Quella volta che Brusi…

QUELLA VOLTA CHE BRUSI…

Quella volta che “fra vincere e perdere la differenza è più del doppio”.

Quella volta che “la differenza fra XXX (noto palleggiatore) e Fabio Vullo è quella fra la macchina che avevo prima, che era una Punto, e quella che ho adesso, che è una Thema”.

Quella volta che “se fanno le Olimpiadi dell’incompetenza, la dirigenza della società XXX vince primo secondo e terzo posto”.

Quella volta a Vienna che – mentre la Sisley Treviso era alla riunione tecnica – prese e nascose tutte le loro borse e le restituì solo dopo 10 minuti di loro furiose ricerche al grido di “Se penso di voler vincere la Coppa dei Campioni per prima cosa tengo da conto alle mie borse”.

Quella volta, durante Tangentopoli, che si confidò con il sodale Ico Tabanelli: “Se ci mettono in galera chiediamo di stare nella stessa cella con i sigari e potremmo essere felici lo stesso”.

Quella volta che gli riferirono che i giocatori erano stressati e rispose “i veri stressati sono quelli che vanno a diradare le bietole”.

Quella volta che “in una società deve comandare un numero di persone dispari e minore di tre”.

Quella volta che “l’amico Julio, l’amico Leo, l’amico Jacopo, l’amico Daniele, l’amico Piligi, l’amico Giorgio (Velasco, Turrini, Volpi, Ricci, Rambelli, Bottaro, le compagnie preferite), ma anche “l’amico Magri, l’amico Trapanese…” (presidente-rivale della Maxicono e della Federvolley e arbitro fra i più criticati); tutti “amici” perché si sentiva dentro un grande parco giochi.

Quella volta (sabato scorso) che Margutti si è presentato al funerale con la maglietta della salute sotto i vestiti e i capelli asciutti, perché “finché la somara la guida lui, io devo dare retta”.

Quella volta che “io ho una grinta che ti do un morso nel naso” (così, senza motivo).

Quella volta che “Signor Arbitro: io mi sono auto-espulso!” e se ne andò negli spogliatoi.

Quella volta che “il Brusi-Due non lo faccio, perché il Brusi-Uno è insuperabile”.

Quella volta che “io… io… mi accusano di dire sempre “io”, ma adesso ho imparato a dire anche “noi””.

Quella volta che mi cacciò dall’ufficio perché “Devo sbrigarmi se no arrivano i genitori e gli zii e io non posso godermi la mia nipotina Bianca” (appena nata).

Quella volta che rivolse critiche pesanti alla gestione-Bonitta e quella volta (sabato scorso) che Bonitta, in conferenza stampa, gli dedicò subito la vittoria, nonostante i dissapori, “perché sarebbe stato felice per la vittoria della squadra della sua città”.

Quella volta che costruì il Messaggero e gli fecero notare che c’erano Bernardi e Montali liberi e rispose “Mantengo i miei impegni e mi tengo Margutti e Ricci”.

Quella volta che Turrini intervistò Di Pietro a bordo del suo trattore e da lì chiamò Peppone che apostrofò l’ex PM: “Mi hai inquisito lo sponsor!

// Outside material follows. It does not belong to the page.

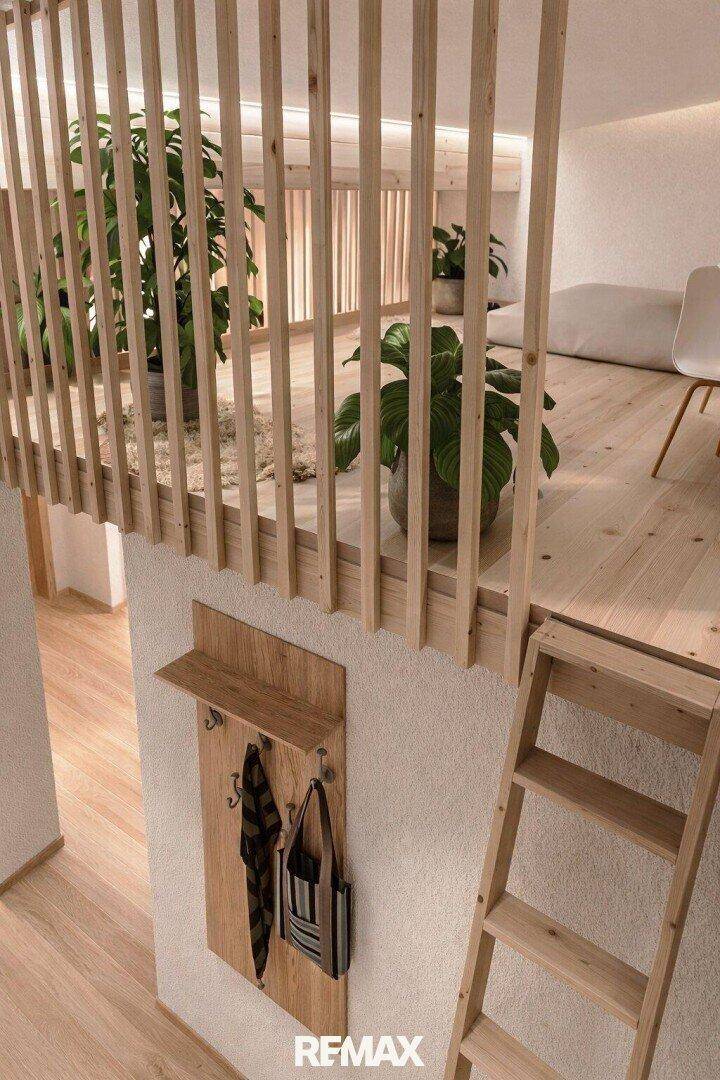 Detailansicht des Loftzugangs mit Holzleiter und Garderobe in einem hellen Innenraum.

Altrimenti avrei vinto per dieci anni” ottenendo la risposta incredula del molisano: “Ma che c’azzecco io coi palloni???”.

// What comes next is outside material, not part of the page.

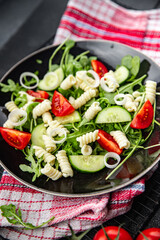 pasta salad fusilli pasta, cucumber, tomato, green lettuce cooking eating appetizer meal food snack on the table copy space food background rustic top view keto or paleo diet vegetarian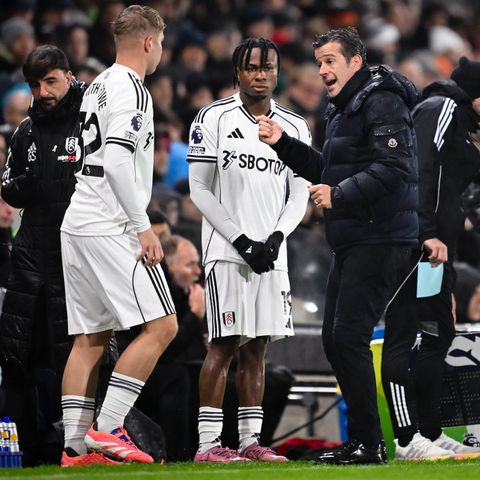 Chukwueze and his coach before he was introdued in the game.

Quella volta che, straziato, raccomandò all’amatissimo Vigor, appena scomparso, di portare un saluto a suo figlio.

Quella volta che, in epoca Covid, le celebrazioni del trentennale dello scudetto avvennero in streaming e baciava il video ogni volta che comparivano i suoi giocatori e le sue giocatrici e alla fine, risentendo la mia radiocronaca degli ultimi punti, si commosse e mi abbracciò come se avessimo vinto un’altra volta.

Quella volta che “te, Ortofresco, sei l’unico che certe cose ha il coraggio di scriverle”.

Quella volta che sei andato via e non eravamo ancora pronti.

Addio Peppone, grazie per tutte “quelle volte” che mi hai divertito e insegnato qualcosa.